■ **Task goal**:
I need every line that includes the word "Foto" copied from the material.

■ **Material for this task**:

= = = = = = =

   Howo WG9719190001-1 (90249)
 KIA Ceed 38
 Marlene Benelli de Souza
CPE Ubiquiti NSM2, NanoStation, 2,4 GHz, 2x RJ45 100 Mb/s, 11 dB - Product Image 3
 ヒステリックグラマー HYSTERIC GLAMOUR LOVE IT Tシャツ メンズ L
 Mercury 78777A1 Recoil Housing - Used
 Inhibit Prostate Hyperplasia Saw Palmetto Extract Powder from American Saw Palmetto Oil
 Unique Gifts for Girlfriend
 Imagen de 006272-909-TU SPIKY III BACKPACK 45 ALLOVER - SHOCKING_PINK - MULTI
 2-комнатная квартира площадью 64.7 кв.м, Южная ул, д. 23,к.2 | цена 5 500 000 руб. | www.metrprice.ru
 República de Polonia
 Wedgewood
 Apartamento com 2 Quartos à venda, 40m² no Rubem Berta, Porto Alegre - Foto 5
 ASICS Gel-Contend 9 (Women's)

= = = = = = =

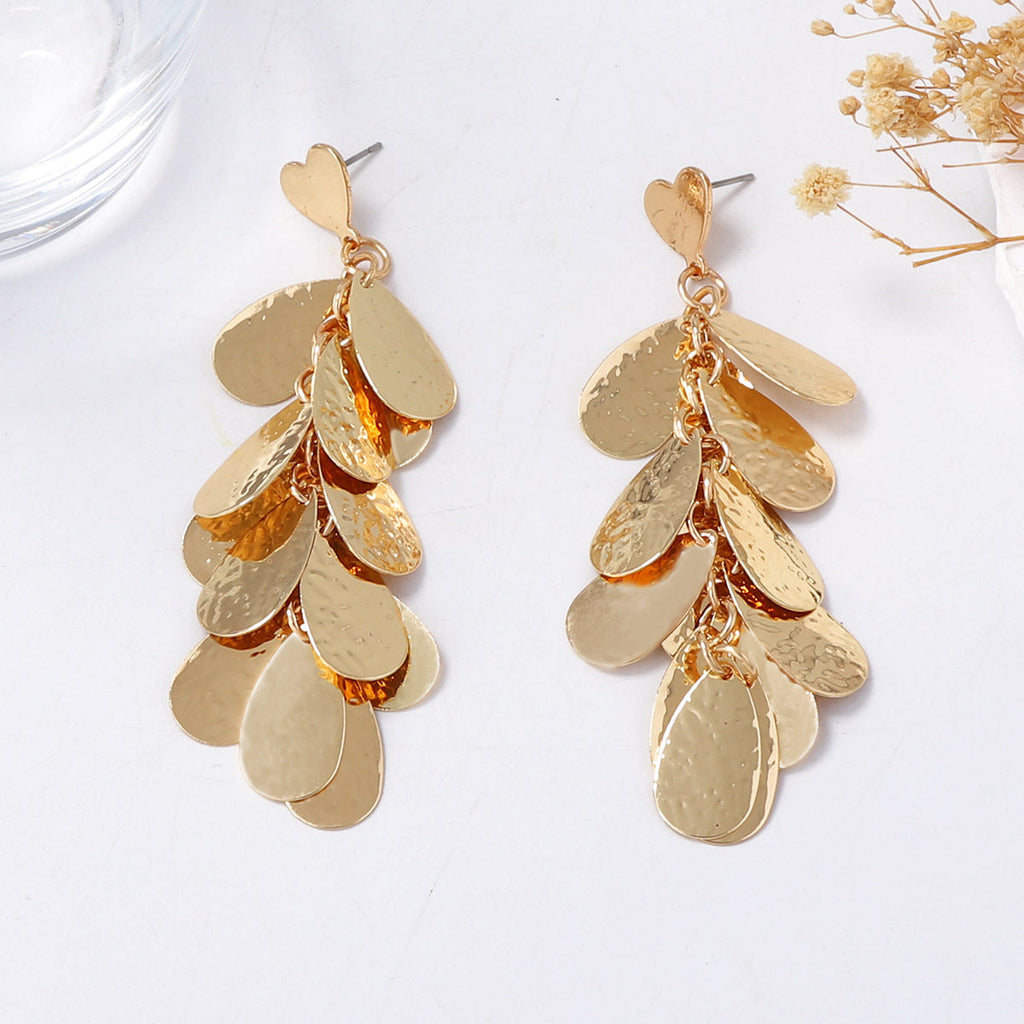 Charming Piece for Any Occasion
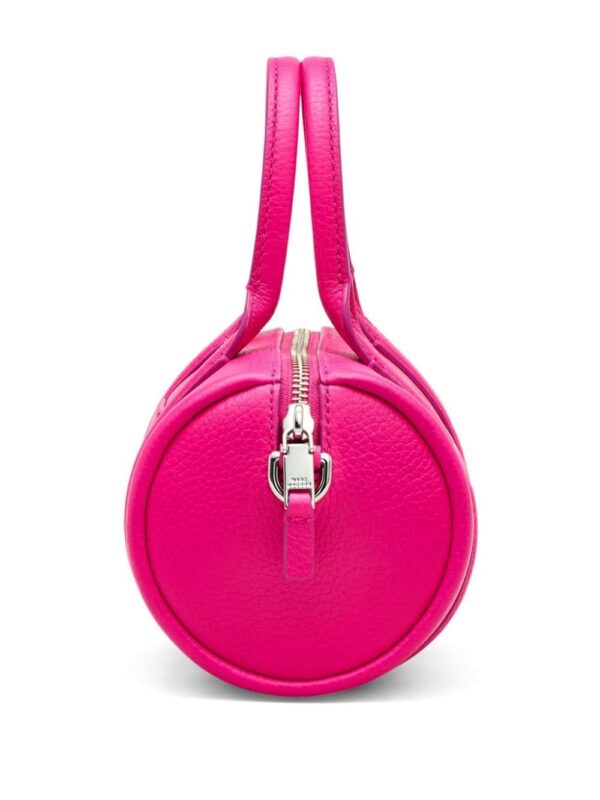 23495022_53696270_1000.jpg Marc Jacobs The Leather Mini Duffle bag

= = = = = = =

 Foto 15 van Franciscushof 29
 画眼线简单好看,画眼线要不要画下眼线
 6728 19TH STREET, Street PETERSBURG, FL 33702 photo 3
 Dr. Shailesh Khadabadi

= = = = = = =

■ **Response to this task**:
 Apartamento com 2 Quartos à venda, 40m² no Rubem Berta, Porto Alegre - Foto 5
 Foto 15 van Franciscushof 29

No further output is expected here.